* [Try it]:
Set every record down verbatim and omit the pictures.

* [Records to use]:
Start of Block

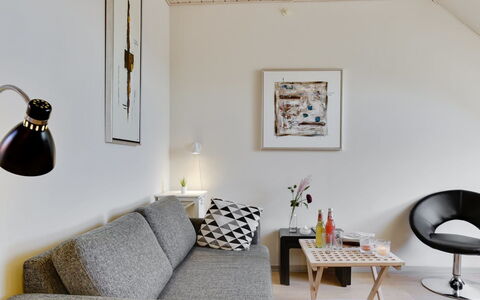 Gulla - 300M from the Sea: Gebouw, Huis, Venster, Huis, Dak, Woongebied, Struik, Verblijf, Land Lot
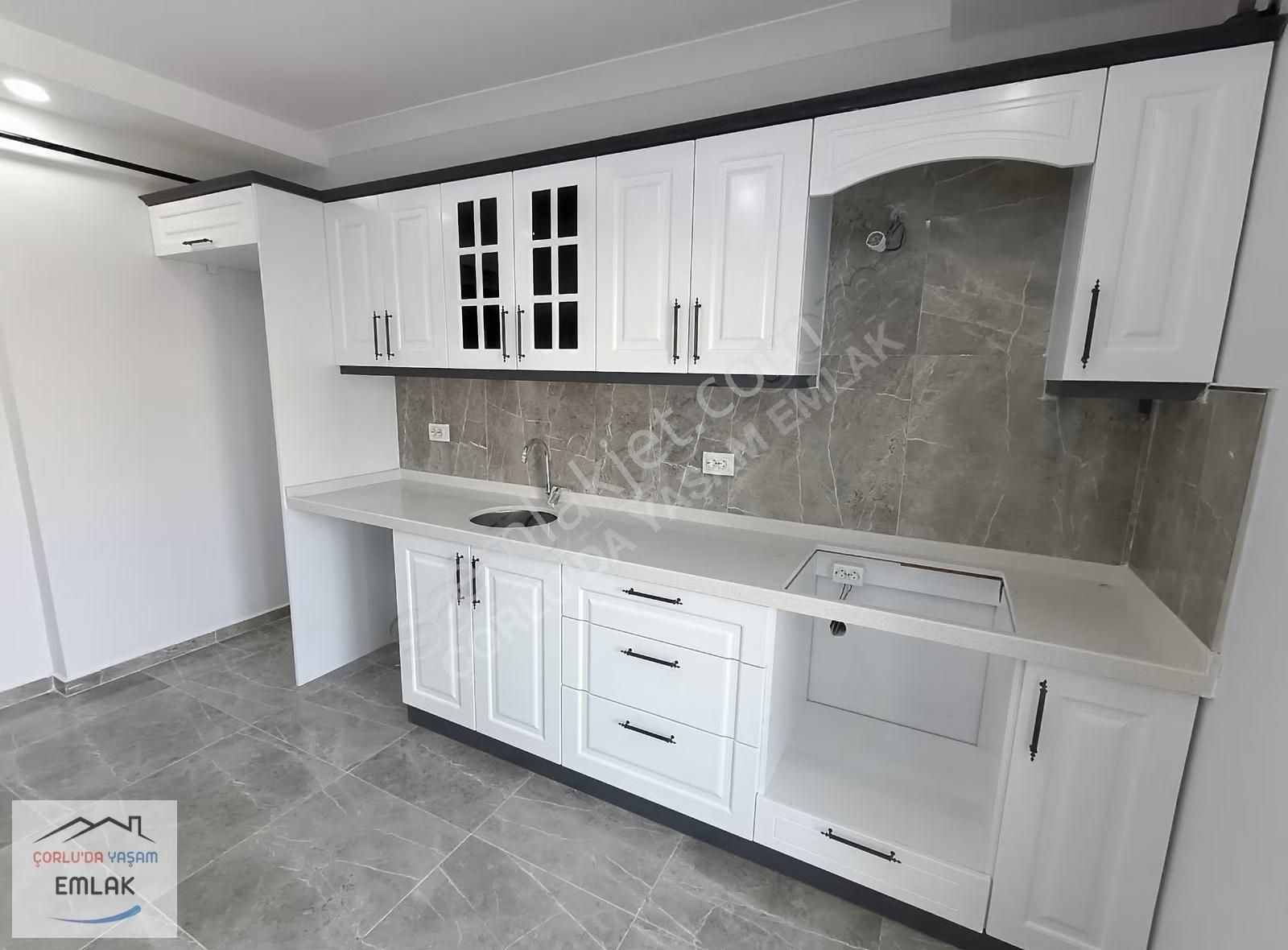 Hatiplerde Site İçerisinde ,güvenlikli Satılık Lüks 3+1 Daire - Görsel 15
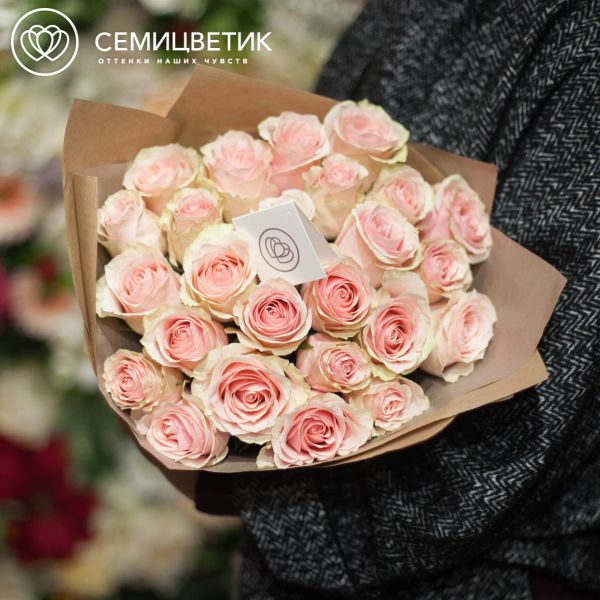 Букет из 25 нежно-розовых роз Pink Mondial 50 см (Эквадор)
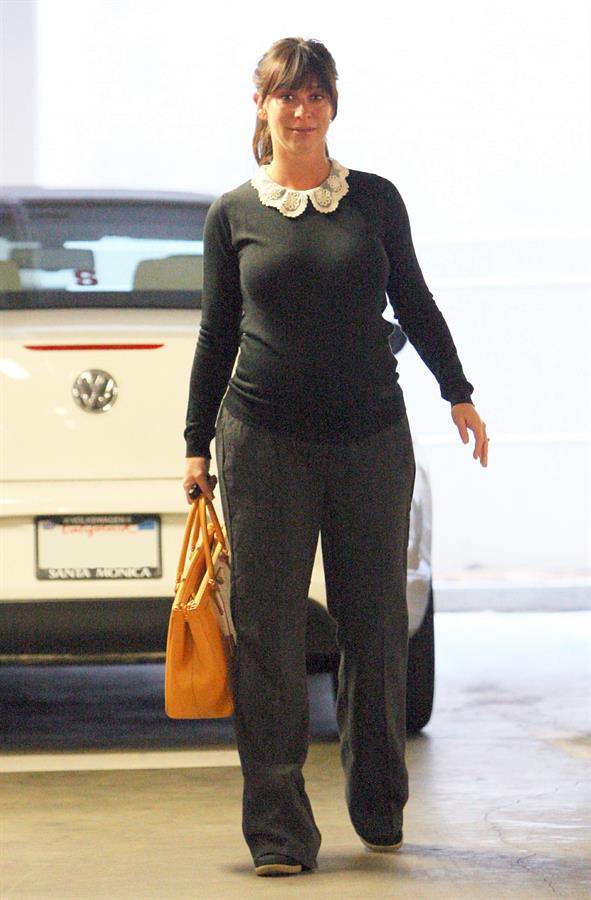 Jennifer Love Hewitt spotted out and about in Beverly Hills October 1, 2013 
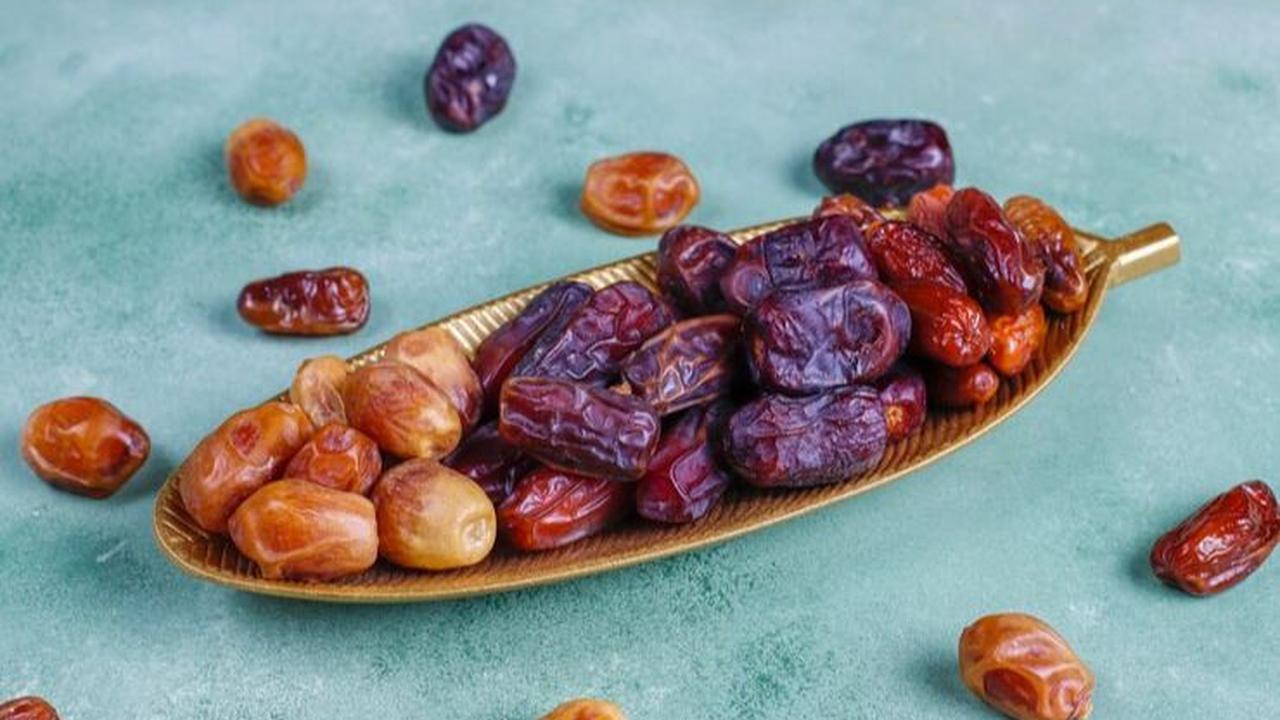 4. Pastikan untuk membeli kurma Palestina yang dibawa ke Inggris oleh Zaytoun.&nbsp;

End of Block

* [Result]:
 Gulla - 300M from the Sea: Gebouw, Huis, Venster, Huis, Dak, Woongebied, Struik, Verblijf, Land Lot
 Hatiplerde Site İçerisinde ,güvenlikli Satılık Lüks 3+1 Daire - Görsel 15
 Букет из 25 нежно-розовых роз Pink Mondial 50 см (Эквадор)
 Jennifer Love Hewitt spotted out and about in Beverly Hills October 1, 2013 
 4. Pastikan untuk membeli kurma Palestina yang dibawa ke Inggris oleh Zaytoun.&nbsp;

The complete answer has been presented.